When i invoke nvidia-smi inside the container,

nvidia-smi shows as below - that is all GPUs Utilisation is above 90% for few seconds

Then nvidia-smi window shows as follows, that is all GPUs Utilisation is 0% for few seconds

Then nvidia-smi window shows as follows, that is Utilisation% is random in all GPUs Utilisation for few seconds

I have noticed Training performance is low and taking longer duration in Docker container mentioned here. Same code is working fine in Tesla K80 2 GPUs with CUDA 10.0 on a Dedicated server as shown below.

Screen Shot 2020-10-10 at 9 34 06 PM

But in Docker container, Why GPU utilization% is keep changing unusually

Expected:

Question 1: i am seeing the CUDA 10.2 version with driver version 440.65.00 instead of CUDA 10.0, Why?

Question 2: There is no process list even though GPU Util % is above 90% in all 4 GPUs, Why?

Question 3: Why GPU utilization% is keep changing unusually?

Question 4: My code will work on tensorflow-gpu ==1.15.0 and keras==2.13 i can’t change to CUDA 10.2 based Ubuntu image
How could i solve this issue with the container having the Docker image cuda:10.0-cudnn7-devel-ubuntu16.04?

Question 5: Could i install CUDA 10.0 explicitly insider the container running Docker image cuda:10.0-cudnn7-devel-ubuntu16.04?

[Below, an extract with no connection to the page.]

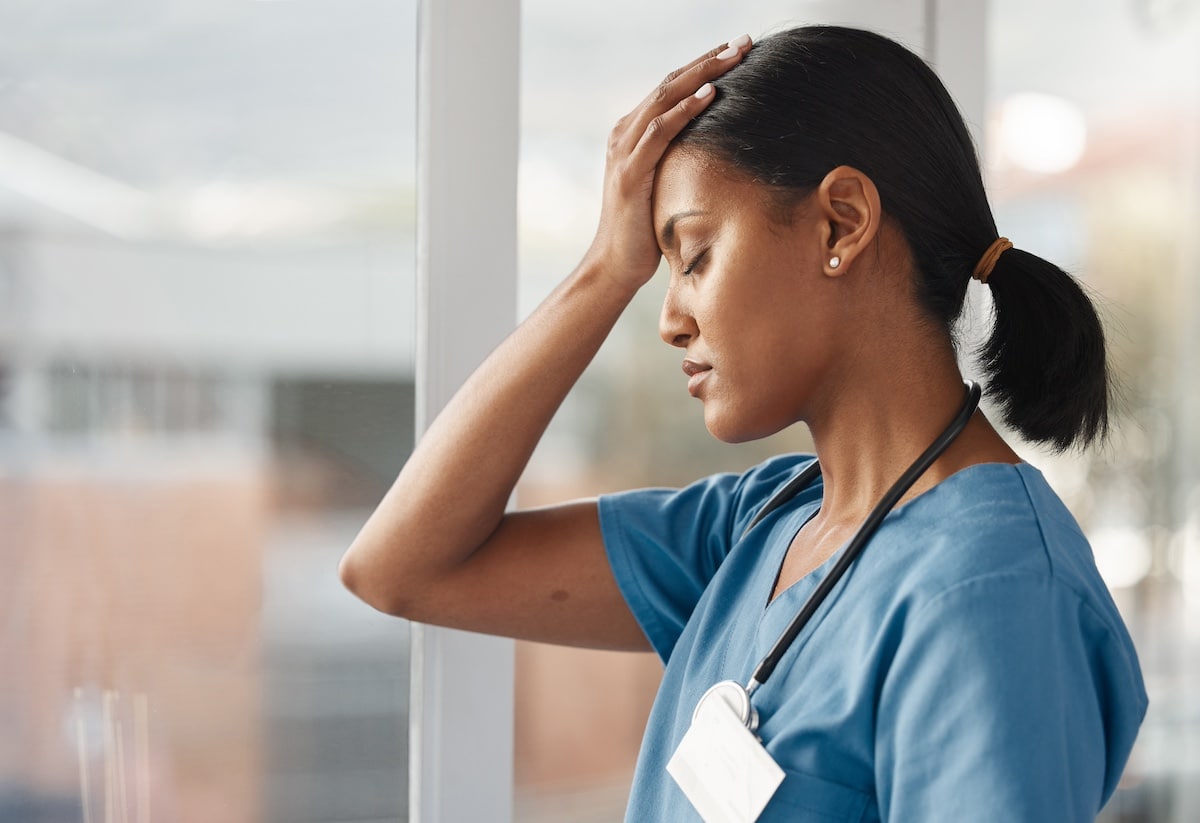 Mental health, doctor with headache and stress standing at window at hospital. Burnout or overworked, anxiety or depression and female nurse or caregiver holding her head for migraine pain at clinic.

Question 6: Could i install CUDA driver between >= 384.111, < 385.00 explicitly insider the container running Docker image cuda:10.0-cudnn7-devel-ubuntu16.04?

Hi there,

I’m providing some answers here:

  1. The version printed in the nvidia-smi output is the maximum version of CUDA supported by the driver. In this case, R440 was released along side CUDA 10.2. R440 is backwards compatible against all lower CUDA releases.
  2. What were you running (before) when you observed the 90%+ utilization output in nvidia-smi? The utilization output from nvidia-smi is not cycle accurate.
  3. This is related to Q2
  4. I’m not sure what you mean. Can you please rephrase? As I mentioned, R440 will support all older CUDA versions including CUDA 10.0
  5. Yes you can - but what is the use-case and what do you want to achieve?
  6. No please don’t install drivers inside containers. This makes the container non-portable and defeats the purpose of containerization in the first place. Why do you want to do this?